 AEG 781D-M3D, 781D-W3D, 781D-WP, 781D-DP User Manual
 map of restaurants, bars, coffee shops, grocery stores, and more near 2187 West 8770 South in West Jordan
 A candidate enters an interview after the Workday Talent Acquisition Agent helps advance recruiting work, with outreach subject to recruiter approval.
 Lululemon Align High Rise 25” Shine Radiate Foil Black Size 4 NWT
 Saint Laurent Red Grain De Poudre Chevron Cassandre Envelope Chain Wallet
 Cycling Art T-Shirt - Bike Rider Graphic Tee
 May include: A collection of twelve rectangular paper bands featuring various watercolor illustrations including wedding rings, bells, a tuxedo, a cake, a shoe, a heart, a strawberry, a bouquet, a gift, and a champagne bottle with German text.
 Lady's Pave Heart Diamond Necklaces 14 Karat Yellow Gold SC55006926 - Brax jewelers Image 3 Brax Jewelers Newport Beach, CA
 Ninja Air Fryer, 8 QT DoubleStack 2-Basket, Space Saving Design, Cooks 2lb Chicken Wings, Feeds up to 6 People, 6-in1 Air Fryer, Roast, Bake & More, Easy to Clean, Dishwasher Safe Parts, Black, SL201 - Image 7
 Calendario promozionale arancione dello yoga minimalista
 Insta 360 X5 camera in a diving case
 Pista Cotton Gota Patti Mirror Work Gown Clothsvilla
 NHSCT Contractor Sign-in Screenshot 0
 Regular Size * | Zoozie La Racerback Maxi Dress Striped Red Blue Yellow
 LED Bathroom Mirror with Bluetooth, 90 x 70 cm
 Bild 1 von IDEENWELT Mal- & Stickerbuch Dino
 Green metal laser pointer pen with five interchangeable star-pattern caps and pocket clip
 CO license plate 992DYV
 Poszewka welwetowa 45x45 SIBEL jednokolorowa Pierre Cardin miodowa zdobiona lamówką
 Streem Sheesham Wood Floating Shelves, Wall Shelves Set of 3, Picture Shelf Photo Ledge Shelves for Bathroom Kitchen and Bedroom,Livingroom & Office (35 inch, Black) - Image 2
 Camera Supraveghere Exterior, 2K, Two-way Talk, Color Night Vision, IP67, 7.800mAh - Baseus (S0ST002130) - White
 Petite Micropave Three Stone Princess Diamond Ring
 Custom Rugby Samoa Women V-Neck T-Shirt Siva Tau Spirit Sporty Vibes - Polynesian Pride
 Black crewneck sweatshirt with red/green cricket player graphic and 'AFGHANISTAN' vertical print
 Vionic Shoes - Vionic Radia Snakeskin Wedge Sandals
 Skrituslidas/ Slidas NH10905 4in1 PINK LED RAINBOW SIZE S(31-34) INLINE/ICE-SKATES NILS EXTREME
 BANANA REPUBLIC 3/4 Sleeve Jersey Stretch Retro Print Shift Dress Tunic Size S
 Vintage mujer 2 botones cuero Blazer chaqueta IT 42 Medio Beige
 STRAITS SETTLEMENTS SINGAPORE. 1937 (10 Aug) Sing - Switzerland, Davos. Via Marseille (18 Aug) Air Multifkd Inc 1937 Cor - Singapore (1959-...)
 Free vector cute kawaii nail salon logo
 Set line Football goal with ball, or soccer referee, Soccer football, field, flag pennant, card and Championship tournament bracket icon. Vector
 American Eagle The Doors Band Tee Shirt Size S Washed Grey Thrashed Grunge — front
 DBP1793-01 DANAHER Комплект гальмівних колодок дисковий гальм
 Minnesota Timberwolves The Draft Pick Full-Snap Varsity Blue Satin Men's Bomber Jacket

━━━━━━━━━━━━━━━━

**Your objective:**
Transcribe the data above so that every line matches exactly.

**Result of the task:**
 AEG 781D-M3D, 781D-W3D, 781D-WP, 781D-DP User Manual
 map of restaurants, bars, coffee shops, grocery stores, and more near 2187 West 8770 South in West Jordan
 A candidate enters an interview after the Workday Talent Acquisition Agent helps advance recruiting work, with outreach subject to recruiter approval.
 Lululemon Align High Rise 25” Shine Radiate Foil Black Size 4 NWT
 Saint Laurent Red Grain De Poudre Chevron Cassandre Envelope Chain Wallet
 Cycling Art T-Shirt - Bike Rider Graphic Tee
 May include: A collection of twelve rectangular paper bands featuring various watercolor illustrations including wedding rings, bells, a tuxedo, a cake, a shoe, a heart, a strawberry, a bouquet, a gift, and a champagne bottle with German text.
 Lady's Pave Heart Diamond Necklaces 14 Karat Yellow Gold SC55006926 - Brax jewelers Image 3 Brax Jewelers Newport Beach, CA
 Ninja Air Fryer, 8 QT DoubleStack 2-Basket, Space Saving Design, Cooks 2lb Chicken Wings, Feeds up to 6 People, 6-in1 Air Fryer, Roast, Bake & More, Easy to Clean, Dishwasher Safe Parts, Black, SL201 - Image 7
 Calendario promozionale arancione dello yoga minimalista
 Insta 360 X5 camera in a diving case
 Pista Cotton Gota Patti Mirror Work Gown Clothsvilla
 NHSCT Contractor Sign-in Screenshot 0
 Regular Size * | Zoozie La Racerback Maxi Dress Striped Red Blue Yellow
 LED Bathroom Mirror with Bluetooth, 90 x 70 cm
 Bild 1 von IDEENWELT Mal- & Stickerbuch Dino
 Green metal laser pointer pen with five interchangeable star-pattern caps and pocket clip
 CO license plate 992DYV
 Poszewka welwetowa 45x45 SIBEL jednokolorowa Pierre Cardin miodowa zdobiona lamówką
 Streem Sheesham Wood Floating Shelves, Wall Shelves Set of 3, Picture Shelf Photo Ledge Shelves for Bathroom Kitchen and Bedroom,Livingroom & Office (35 inch, Black) - Image 2
 Camera Supraveghere Exterior, 2K, Two-way Talk, Color Night Vision, IP67, 7.800mAh - Baseus (S0ST002130) - White
 Petite Micropave Three Stone Princess Diamond Ring
 Custom Rugby Samoa Women V-Neck T-Shirt Siva Tau Spirit Sporty Vibes - Polynesian Pride
 Black crewneck sweatshirt with red/green cricket player graphic and 'AFGHANISTAN' vertical print
 Vionic Shoes - Vionic Radia Snakeskin Wedge Sandals
 Skrituslidas/ Slidas NH10905 4in1 PINK LED RAINBOW SIZE S(31-34) INLINE/ICE-SKATES NILS EXTREME
 BANANA REPUBLIC 3/4 Sleeve Jersey Stretch Retro Print Shift Dress Tunic Size S
 Vintage mujer 2 botones cuero Blazer chaqueta IT 42 Medio Beige
 STRAITS SETTLEMENTS SINGAPORE. 1937 (10 Aug) Sing - Switzerland, Davos. Via Marseille (18 Aug) Air Multifkd Inc 1937 Cor - Singapore (1959-...)
 Free vector cute kawaii nail salon logo
 Set line Football goal with ball, or soccer referee, Soccer football, field, flag pennant, card and Championship tournament bracket icon. Vector
 American Eagle The Doors Band Tee Shirt Size S Washed Grey Thrashed Grunge — front
 DBP1793-01 DANAHER Комплект гальмівних колодок дисковий гальм
 Minnesota Timberwolves The Draft Pick Full-Snap Varsity Blue Satin Men's Bomber Jacket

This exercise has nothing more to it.